Starz CEO Chris Albrecht addressed Bryan Fuller and Michael Green’s exit from the series at the Television Critics Association 2018 Winter panel.
Update (Jan 12, 9:25 p.m.): While Starz sticks to their narrative, Neil Gaiman clarifies his future with the series. And that future looks very similar to the present state of things.
Gaiman will indeed stay on for season 2, but he will not be taking on a showrunner position as Starz CEO Chris Albrecht alluded to at the TCA panel (see story below for more details).
But Gaiman clarified his role on Twitter, stating:
I'm already showrunning GOOD OMENS and I won't be physically showrunning two shows. But I plan to work really closely with the new showrunner, and to help plot and guide and build American Gods, just as I did when Bryan & Michael came on as showrunners.
— Neil Gaiman (@neilhimself) January 12, 2018
At this juncture, all fans want is clarity. More updates, and clarifications, will be posted as they arrive.
A line from the original article has been updated to reflect that Gaiman is not showrunning American Gods.
Original (Jan 12, 7:56 p.m.): All is not well in American Gods land. In November, the Starz hit took a devastating turn when a rumor all but confirmed the creative team’s exit from the series. With Bryan Fuller and Michael Green out, the future of the series remains in limbo.
At the January 12 TCA panel, Chris Albrecht addressed the god-sized elephant in the room — the future of American Gods.
Deadline reports that Fuller and Green neither “quit” nor are they “fired.” So, what exactly is their employment status?
Albrecht went on to say, “Our partners at Fremantle are working with Bryan and Michael and their schedules, working out a way for them to continue to be involved.”

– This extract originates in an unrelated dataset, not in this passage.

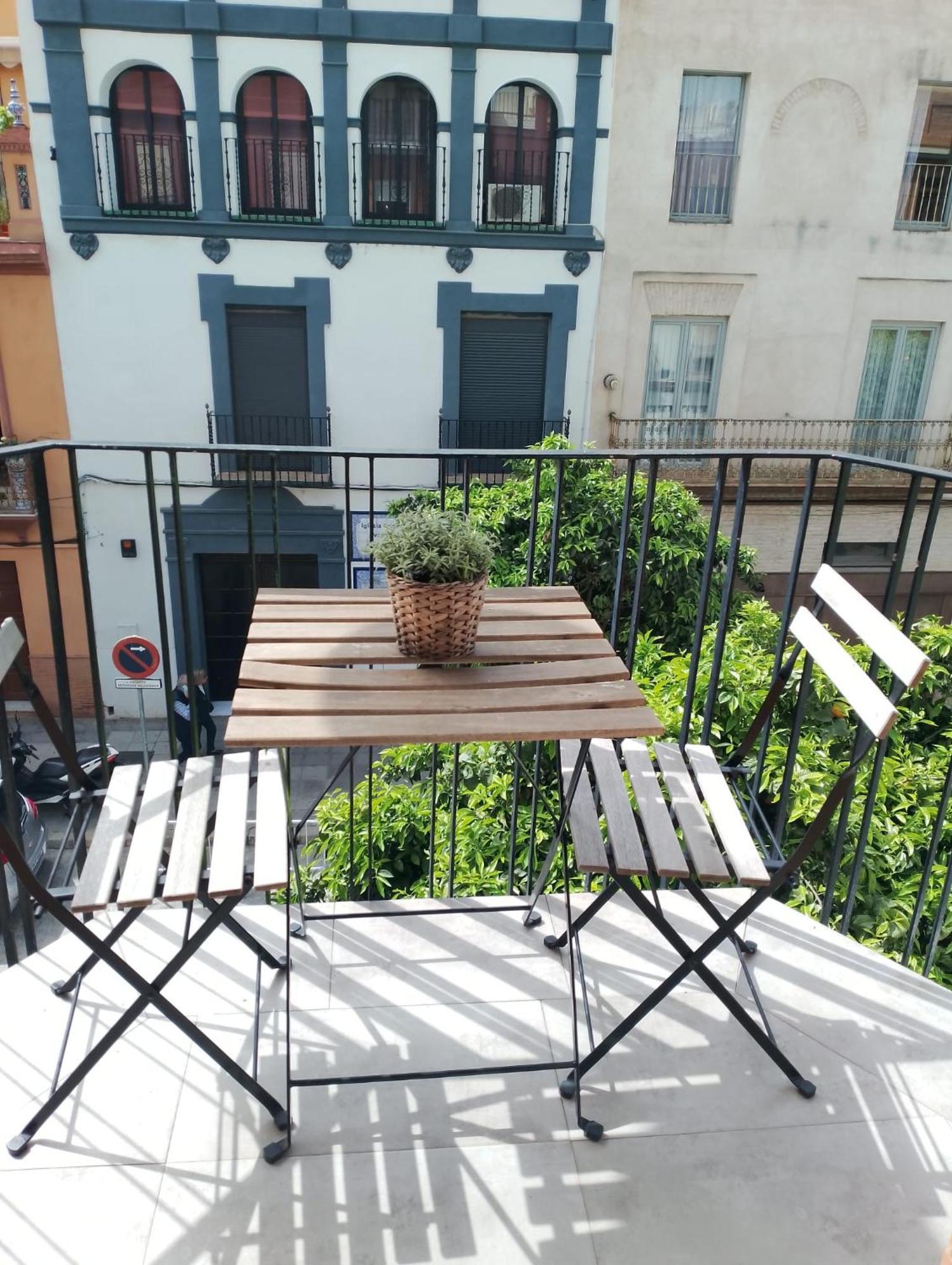 Loft House Triana Apartment เซบีญา ภายนอก รูปภาพ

The Starz boss did confirm that Neil Gaiman would step into the “more traditional” role of a showrunner. He adds, “We’re looking for a partner for him who can ensure that the television part of this get the appropriate attention.”

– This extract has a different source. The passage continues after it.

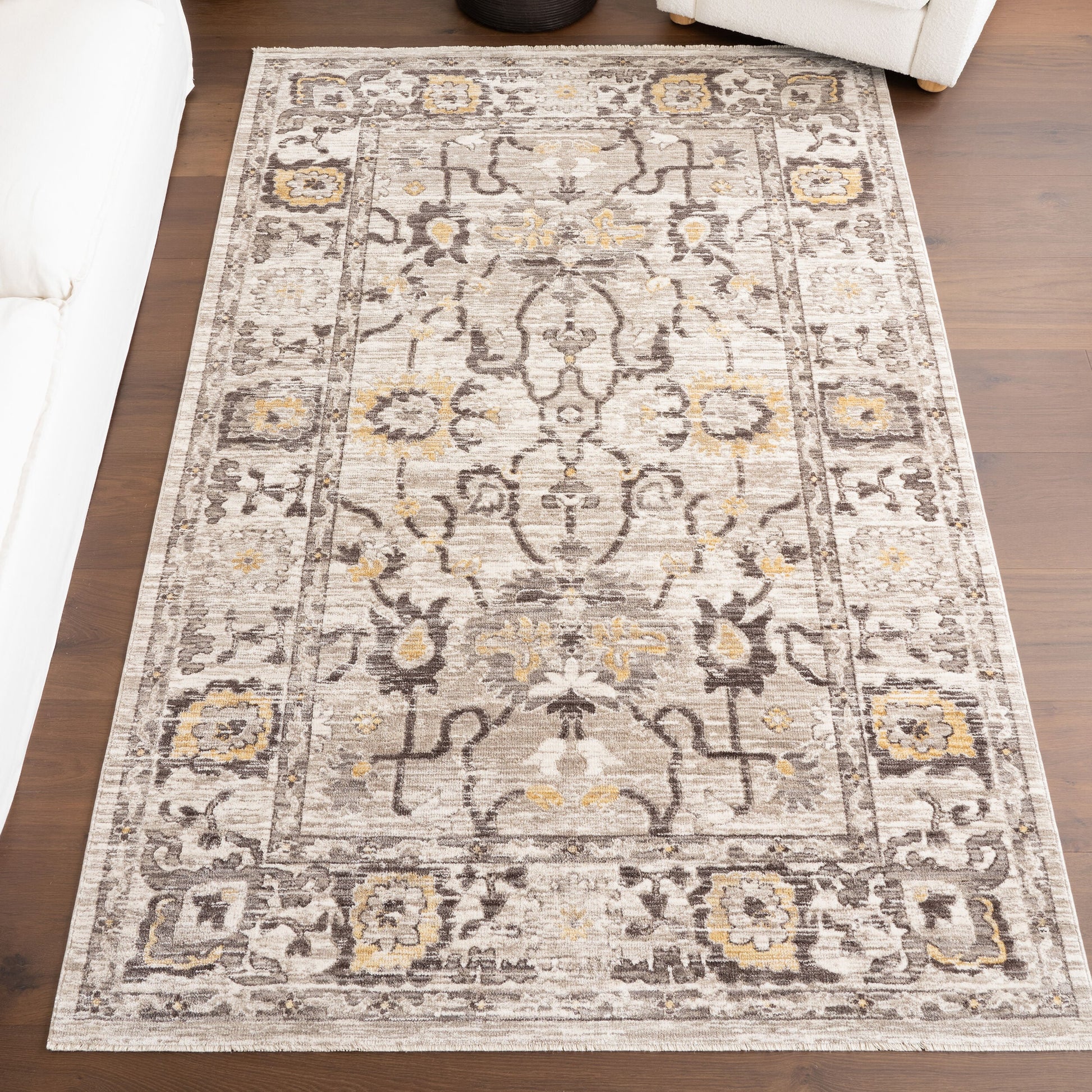 nuLOOM Devaki Traditional Medallion 9ft. x 12ft. 6ft. Beige Area Rug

Citing the budget issues surrounding the first story, Albrecht had this to say: “Budget is always a factor although Fremantle has been terrific in wanting to invest. It’s a big show, it’s a monster show and it’s faced many of the challenges that terrific complex premium shows face trying to get seasons, especially when art comes before commerce.”
Not exactly an answer. But it does hint at the price tag that comes with creative freedom. A freedom that, while possible to scale back on production costs, still requires a bit a money.

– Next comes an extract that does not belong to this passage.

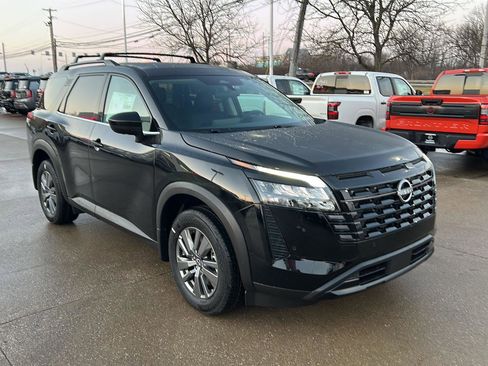 New 2026 Nissan Pathfinder SV AWD/4WD image 18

And while Fuller and Green are technically still attached to the project, there was no word on their involvement. Since the initial announcement, it was stated that Bryan Fuller would be working on an adaptation of Anne Rice’s Vampire Chronicles television series.
Albrecht also mentioned that no bad blood exists and the two parties are speaking: “Everyone wants that to be a win-win for the people involved and the fans, everyone wants to keep as much of the team intact as possible.”
As for Gillian Anderson’s exit, Albrecht notes that it was not surprising, seeing as the star also exited The X-Files.
But, there is a difference between leaving a series where you have played the same role for 12 years and leaving one where you play a different version of a character each week.
Chenoweth, he notes, at this moment remains tied to the project.
While this is not the most encouraging news to come out of the Starz panel, it is something to chew on until an official statement comes out. But from what I can surmise, I am not betting on Fuller and Green taking us to House on the Rock. And I will forever be sad about that.